The organic–inorganic hybrid lead trihalide perovskites have been emerging as the most attractive photovoltaic materials. As regulated by Shockley–Queisser theory, a formidable materials science challenge for improvement to the next level requires further band-gap narrowing for broader absorption in solar spectrum, while retaining or even synergistically prolonging the carrier lifetime, a critical factor responsible for attaining the near-band-gap photovoltage. Herein, by applying controllable hydrostatic pressure, we have achieved unprecedented simultaneous enhancement in both band-gap narrowing and carrier-lifetime prolongation (up to 70% to ∼100% increase) under mild pressures at ∼0.3 GPa. The pressure-induced modulation on pure hybrid perovskites without introducing any adverse chemical or thermal effect clearly demonstrates the importance of band edges on the photon–electron interaction and maps a pioneering route toward a further increase in their photovoltaic performance.

Methylammonium (MA) lead iodide (MAPbI₃) perovskite has emerged as a phenomenal photovoltaic material with power-conversion efficiency increasing from 3.8% (1) in 2009 to 22.1% (2) in 2016, along with its ease of fabrication, low cost of compositional precursors, and solution processability (1–14).
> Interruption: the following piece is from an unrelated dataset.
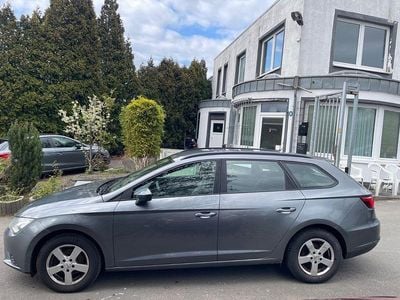 Gebraucht Seat Leon ST Reference 86 PS (63 kW) 2014 Grau Kombi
The remarkable photovoltaic performance is attributed to its strong and broad (up to ∼800 nm) light absorption (10), as well as the long diffusion lengths facilitated by its extraordinarily long carrier lifetimes (∼100 ns in thin film) despite its modest mobility (11, 12, 15, 16). To further approach the Shockley–Queisser limit (17, 18), it is highly desirable to tune the crystal structure of perovskite in the way that can synergistically narrow down the band gap for broader solar spectrum absorption (10) and prolong carrier lifetime for greater photovoltage (7, 11, 12, 15, 16). However, compositional modification suffers from challenges, such as the largely shortened carrier lifetime (∼50 ps), and thus considerable loss of photovoltage upon the replacement of Pb by Sn (5, 19), or the largely widened band gap, and thus low photocurrent when I is substituted with Br or Cl (16). It also has been demonstrated that using formamidinium (FA) cations instead of MA cations in organic–inorganic perovskite materials narrows down the band gap; however, a shorter carrier lifetime is generated inevitably (20). In fact, to date, there is no reported method for simultaneously achieving band-gap narrowing and carrier-lifetime prolongation for MAPbI₃.

Nonetheless, the chance is to rescrutinize the band structure of MAPbI₃. The relatively long carrier lifetimes of 10² to ∼10³ ns observed in MAPbI₃ single crystals originate from their unique defect physics (21). First-principles calculations demonstrated that the readily formed point defects such as interstitial MA ions and/or Pb vacancies create shallow states with trap energy less than 0.05 eV below the conduction band minimum (CBM), or above the valence band maximum (VBM), rather than detrimental deep traps at the middle of the forbidden zone, which typically lead to nonradiative recombination (21). The uneven distribution of the trap states has been identified further by in-depth electronic characterization of MAPbI₃ perovskite single crystals, concluding that the traps are close to the conduction and the valence band edges (22). These theoretical and experimental results clearly indicate the importance of the band-gap modification, especially in the band-edge regions, in both light harvest and carrier dynamics. Thus, there lies an opportunity to simultaneously narrow the band gap and prolong the carrier lifetime by bringing the band edge even closer to the subgap traps, thus to position these traps even shallower to synergistically improve carrier lifetime.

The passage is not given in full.